24. Bozma sebebine göre inceleme sırası gelmemekle birlikte sadece mahkemenin kararındaki hatanın varlığına işaret eden, kararı o yönden eleştiren, mahkemenin aynı hataya düşmemesi için ona bir tavsiye ve yol gösterme amacına yönelik bulunan ifade ve açıklamalar ile bozma kararlarında “kabule göre de” veya “kaldı ki” gibi söz dizinleriyle başlayan ifadeler usul hukuku anlamında bozma niteliği taşımamaktadır.
25. Bozmada işaret edilen bu tür ifade ve açıklamalar ile eleştirilere karşı direnilmesi veya usulü anlamda bozma niteliği taşımayan bu hususlara uyulmasının mümkün olmadığı Yargıtayın kararlılık kazanmış uygulamasında kabul edilmektedir.
26. Nitekim Yargıtay Hukuk Genel Kurulunun 21.03.2012 tarihli ve 2012/10-20 Esas, 2012/235 Karar; 25.12.2013 tarihli ve 2013/10-485 Esas, 2013/1749 Karar ve 17.06.2015 tarihli ve 2015/21-1096 Esas, 2015/1654 Karar sayılı kararları da aynı yöndedir.
27. Yapılan açıklamalar ışığında somut olayın incelenmesine gelince; eldeki davada, Özel Dairece hükmün taraf teşkili eksikliği nedeniyle bozulmasına karar verildikten sonra ‘’…Öte yandan kabule göre de; …eldeki davanın niteliği ve ibraz edilmiş olan Temlik Sözleşmesi başlıklı belgelerin içeriği gözetildiğinde lehdarına eldeki davayı takip yetkisi vermeyeceği gözetilmeksizin yazılı şekilde karar verilmiş olması da isabetli değildir’’ denilmek suretiyle işin esasına yönelik bir açıklama yapılmış ise de, bozma kararında yer verilen bu paragrafın yukarıdaki açıklamalar çerçevesinde bozma niteliği taşımayacağı, bir başka ifadeyle bozma nedeni sayılamayacağı açıktır.
28. Böyle bir durumda ise, Mahkemece bozma ilâmına uyulmasına karar verilmekle birlikte anılan yönden taraflar yararına usulî kazanılmış hak oluşmayacağı ortadadır.

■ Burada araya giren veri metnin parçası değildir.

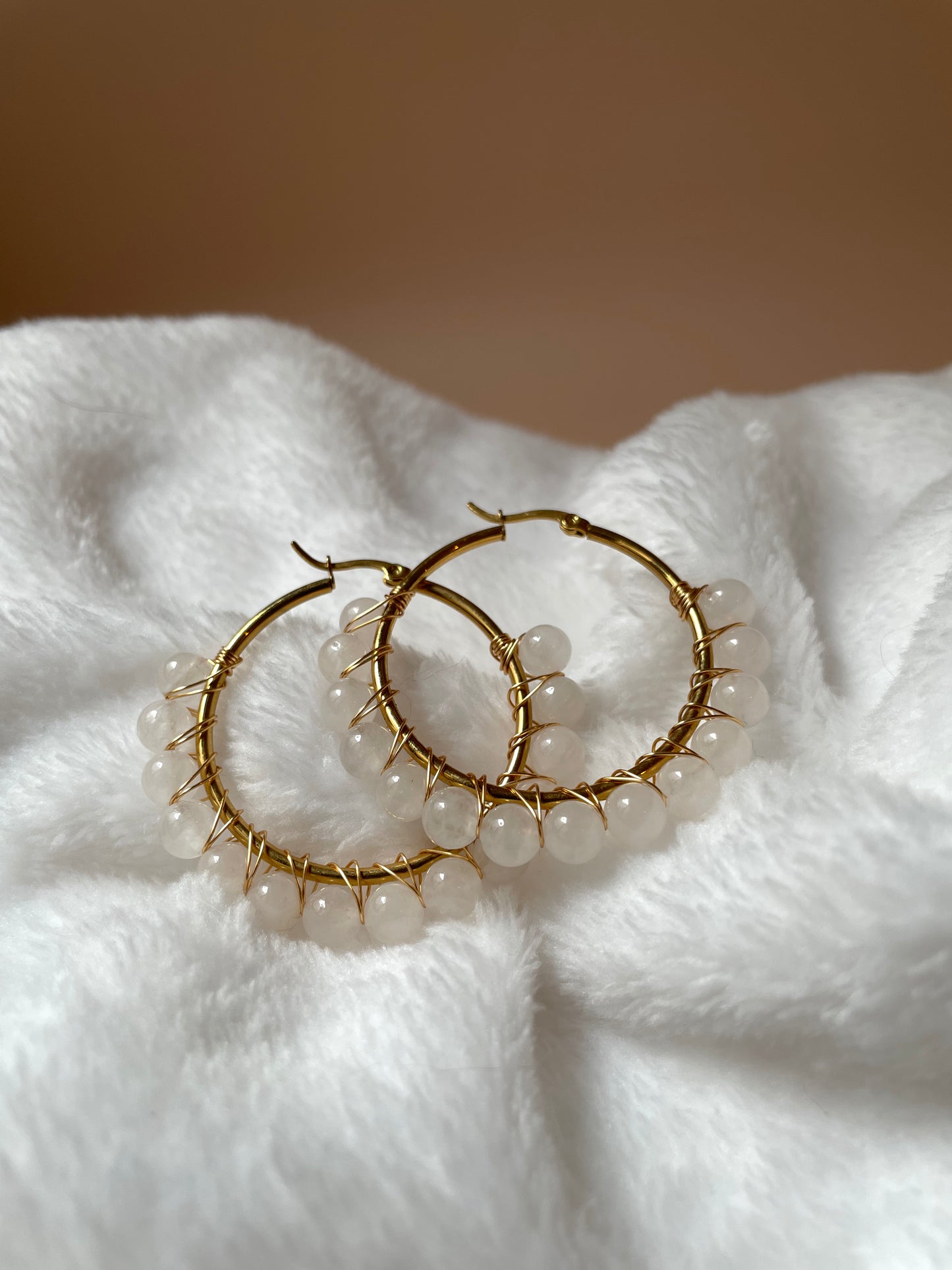 Pendientes Perla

(2) Numaralı Uyuşmazlık Yönünden
29. Uyuşmazlığın sağlıklı bir şekilde çözümlenmesi için Özel Dairenin ikinci bozma kararındaki bozma nedenleri üzerinde ayrı ayrı durularak neticeye gidilmesi gerektiği değerlendirilmiştir.
30. Öncelikle, dava konusu hak yönünden davacıların elbirliği mülkiyet üzere malik olup olmadıkları ve bu hakla ilgili olarak üçüncü kişilerle yaptıkları temlik sözleşmelerine değer verilip verilmeyeceği ortaya konulmalıdır.
31. Bilindiği üzere bir taşınmaz üzerindeki mülkiyet hakkı, bir kişiye ait olabileceği gibi birden fazla kişiye de ait olabilir. Birinci durumda “ferdi mülkiyet” söz konusu iken, ikinci durumda 4721 sayılı Türk Medeni Kanunu’nun (4721 sayılı Kanun) 688. ve devamı maddelerinde düzenlenen “birlikte mülkiyet” söz konusu olur. Kanun’daki düzenlemeye göre birlikte mülkiyet ancak “paylı mülkiyet” ve “elbirliği mülkiyeti” şeklinde olabilir.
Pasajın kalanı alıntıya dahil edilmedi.